Check out this thread, I think it has what you're looking for. 

http://www.winemakingtalk.com/forum/showthread.php?t=7265&highlight=Skeeter


----------



## Julie (Jan 13, 2017)

Below is the link to the original skeeter pee. There were others who asked about it so I put up the original recope as it was created. Actually winemakingtalk has a separate thread that is all about skeeter pee, that is where the below link is at. Also, the Lon has a website you can go to, skeeterpee.com

http://www.winemakingtalk.com/forum/showthread.php?t=44283


----------



## hounddawg (Jan 13, 2017)

THANK YOU MISS JULIE FOR YOUR TIME AN KNOWLEGE,,
SAME TO YOU SIR JOHND. yawl honor me with knowleege and time, even a butter knife hill billy like me leearnsfrom yawl daaily, i post ask 5% of thevtime the other 95% of the time i spend reading old post on here, i try to help others in gradatude for yawlsgreat help.
thank you one and all...
DAWG


----------



## Johnd (Jan 14, 2017)

hounddawg said:


> THANK YOU SIR JOHND.
> DAWG



I have been knighted by the DAWG!! Henceforth, I shall be known as Sir JohnD, and shall proceed on a mission to seek the Holy Grail (full of great wine, of course). 

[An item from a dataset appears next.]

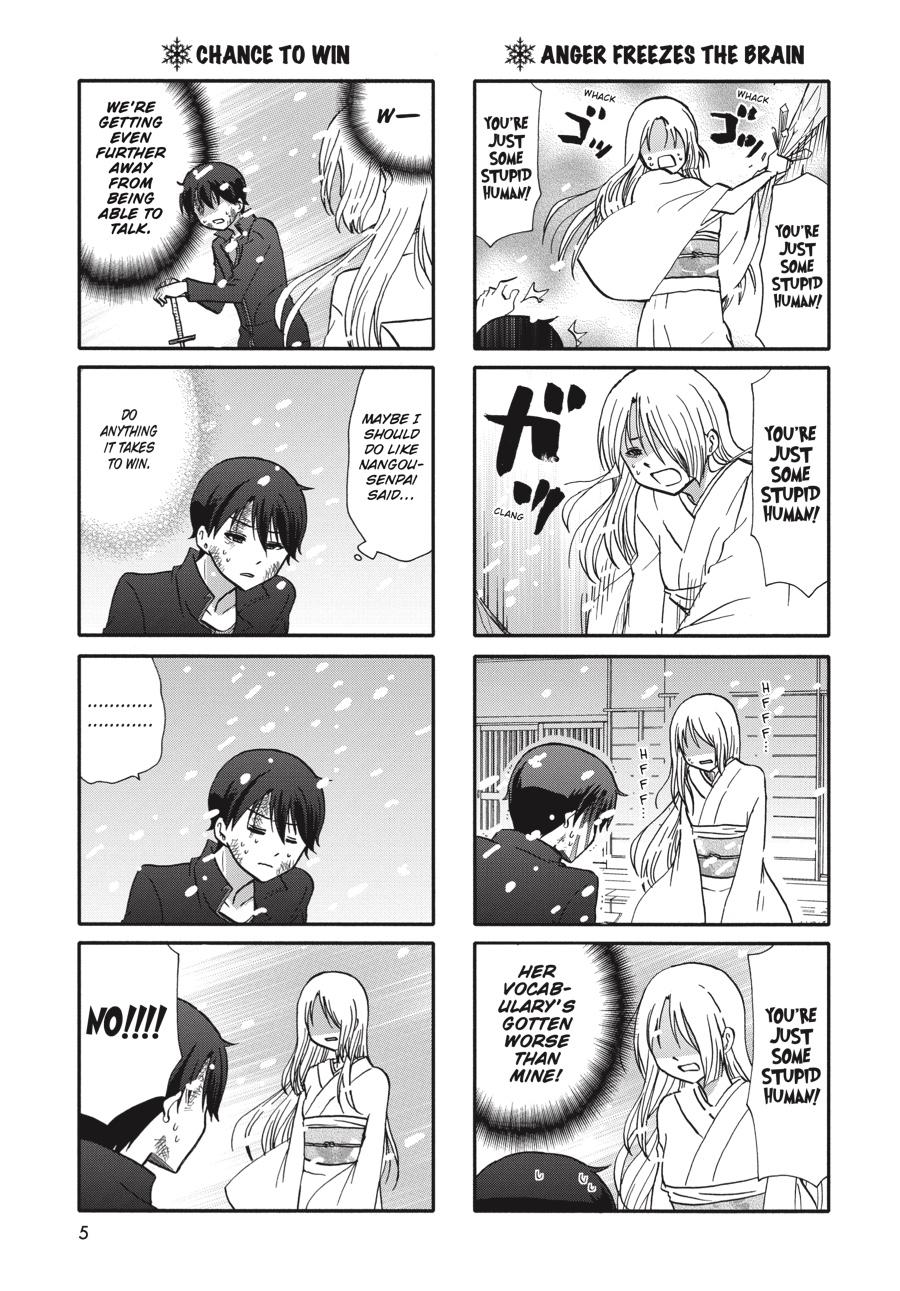 Ore no Kanojo ni Nanika Youkai Chapter 74 page 6 - Chapter 74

You are quite welcome hounddawg, glad I could help you find it. Never made a skeeter pee, hope yours comes out great!


----------



## hounddawg (Jan 20, 2017)

You are so welcome
Sir JohnD,
TodaY was a new eperance for Me. I was short on fermenting barrels so for my skeeter pee I used a 6&1/2 gallon carboy filled to five gallons, well I got my first wine valcano last night, in my eyes on my ceiling just to name a few places, a most unpleasent experinace to say the least,?Dàwg





[/B]


Johnd said:


> I have been knighted by the DAWG!! Henceforth, I shall be known as Sir JohnD, and shall proceed on a mission to seek the Holy Grail (full of great wine, of course).
> 
> You are quite welcome hounddawg, glad I could help you find it. Never made a skeeter pee, hope yours comes out great!


----------